Information on valuation for removals from customs warehouse is contained in Notice 252 for Customs Duty and Notice 702 VAT: Imports and warehoused goods for import VAT.
Further information
You can get more information about customs warehousing, including simplified procedures for removals in Notice 3001 or from the Imports and exports: general enquiries helpline.
5.2 Excise Warehousing
Goods liable to Excise Duty and VAT may also be imported for warehousing. Excise warehousing takes place at premises specifically approved for this purpose and, unless the premises are also authorised as a customs warehouse, the goods must be in free circulation before they can enter the warehouse. Goods imported from non-EU countries must be declared in the normal way using a SAD before entering an excise warehouse.
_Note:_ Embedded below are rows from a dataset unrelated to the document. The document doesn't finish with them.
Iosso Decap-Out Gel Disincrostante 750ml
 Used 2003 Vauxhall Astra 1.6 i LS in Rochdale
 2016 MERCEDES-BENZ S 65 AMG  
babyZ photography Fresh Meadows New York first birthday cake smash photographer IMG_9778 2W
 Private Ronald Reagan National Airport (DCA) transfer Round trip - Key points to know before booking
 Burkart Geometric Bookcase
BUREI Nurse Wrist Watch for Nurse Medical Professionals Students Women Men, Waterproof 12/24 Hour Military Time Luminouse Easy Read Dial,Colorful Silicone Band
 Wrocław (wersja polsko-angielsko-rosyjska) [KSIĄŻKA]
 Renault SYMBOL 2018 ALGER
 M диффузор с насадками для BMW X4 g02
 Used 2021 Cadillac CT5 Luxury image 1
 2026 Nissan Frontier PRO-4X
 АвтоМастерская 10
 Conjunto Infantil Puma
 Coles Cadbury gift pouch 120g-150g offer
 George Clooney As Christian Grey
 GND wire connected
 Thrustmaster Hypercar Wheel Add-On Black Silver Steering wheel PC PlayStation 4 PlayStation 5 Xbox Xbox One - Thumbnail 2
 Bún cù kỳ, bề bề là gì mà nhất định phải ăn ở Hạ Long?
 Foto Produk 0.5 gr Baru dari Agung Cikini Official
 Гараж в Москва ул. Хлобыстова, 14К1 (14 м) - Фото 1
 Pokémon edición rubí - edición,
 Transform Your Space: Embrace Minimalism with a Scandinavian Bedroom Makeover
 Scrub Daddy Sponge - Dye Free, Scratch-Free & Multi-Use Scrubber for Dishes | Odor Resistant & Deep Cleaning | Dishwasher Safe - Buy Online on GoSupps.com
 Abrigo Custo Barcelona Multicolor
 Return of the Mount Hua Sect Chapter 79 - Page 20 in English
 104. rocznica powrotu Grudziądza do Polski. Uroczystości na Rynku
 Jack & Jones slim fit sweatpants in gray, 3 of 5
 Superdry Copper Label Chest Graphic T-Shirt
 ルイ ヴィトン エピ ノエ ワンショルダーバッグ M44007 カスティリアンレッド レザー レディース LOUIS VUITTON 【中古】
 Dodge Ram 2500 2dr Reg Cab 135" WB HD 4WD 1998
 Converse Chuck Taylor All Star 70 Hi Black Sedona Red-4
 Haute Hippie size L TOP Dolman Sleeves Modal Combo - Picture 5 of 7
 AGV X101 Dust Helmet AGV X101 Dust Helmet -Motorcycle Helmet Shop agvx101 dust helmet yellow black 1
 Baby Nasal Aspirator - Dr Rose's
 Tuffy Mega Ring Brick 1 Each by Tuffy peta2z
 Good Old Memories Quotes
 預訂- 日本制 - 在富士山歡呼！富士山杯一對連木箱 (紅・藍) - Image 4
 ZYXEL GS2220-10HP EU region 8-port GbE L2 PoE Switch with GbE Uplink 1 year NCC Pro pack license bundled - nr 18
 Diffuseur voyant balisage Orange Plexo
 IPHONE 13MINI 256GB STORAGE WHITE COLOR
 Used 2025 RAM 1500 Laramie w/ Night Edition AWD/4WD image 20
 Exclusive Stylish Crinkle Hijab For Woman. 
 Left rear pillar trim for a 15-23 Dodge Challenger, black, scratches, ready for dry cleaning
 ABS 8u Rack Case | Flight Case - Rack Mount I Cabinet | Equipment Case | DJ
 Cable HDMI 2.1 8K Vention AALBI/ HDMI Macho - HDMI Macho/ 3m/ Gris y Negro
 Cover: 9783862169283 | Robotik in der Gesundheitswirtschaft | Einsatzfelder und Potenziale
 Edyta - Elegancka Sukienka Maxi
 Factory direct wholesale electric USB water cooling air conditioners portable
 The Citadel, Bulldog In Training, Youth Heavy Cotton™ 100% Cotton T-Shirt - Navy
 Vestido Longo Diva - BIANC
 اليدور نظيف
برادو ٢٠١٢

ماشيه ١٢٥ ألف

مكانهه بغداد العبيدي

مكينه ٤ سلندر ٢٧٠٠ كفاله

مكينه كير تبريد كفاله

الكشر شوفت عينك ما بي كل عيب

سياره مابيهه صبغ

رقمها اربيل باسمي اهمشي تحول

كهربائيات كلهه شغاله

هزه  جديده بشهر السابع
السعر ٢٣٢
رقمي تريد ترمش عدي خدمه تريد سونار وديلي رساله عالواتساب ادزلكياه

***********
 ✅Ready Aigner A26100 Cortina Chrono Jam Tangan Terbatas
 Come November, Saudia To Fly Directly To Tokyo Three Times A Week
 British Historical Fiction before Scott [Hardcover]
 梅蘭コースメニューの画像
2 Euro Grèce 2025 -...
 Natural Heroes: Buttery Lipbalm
Goods acquired from other member states of the EU should be covered by an Administrative Accompanying Document (AAD).
Goods imported for excise warehousing are not subject to any requirement that they should be re-exported.
When goods are subject to both customs and excise warehousing the procedure for putting them into free circulation (normally a declaration on form C88 is separate from the arrangements for entry into home use (which requires payment of the excise duties and VAT) even though the 2 events may be simultaneous.
Similar rules apply to tobacco products imported into registered or entered excise premises except that the products cannot be simultaneously declared for customs warehousing.
More information about the procedures for importation into excise warehouses or into registered or entered excise premises can be found in:
- Excise Notice 179: motor and heating fuels – general information and accounting for excise duty and VAT
- Excise Notice 197: receipt into and removal from an excise warehouse of excise goods
- Excise Notice 476: Tobacco Products Duty
5.3 Temporary Admissions (TA)
Goods to be re-exported without alteration
Relief from customs charges is available for goods which are imported for temporary use in the UK in a wide range of circumstances. The ‘total’ duty reliefs extend to import VAT for goods temporarily imported into the UK. For most goods security will be required for the full amount of duties and import VAT potentially due.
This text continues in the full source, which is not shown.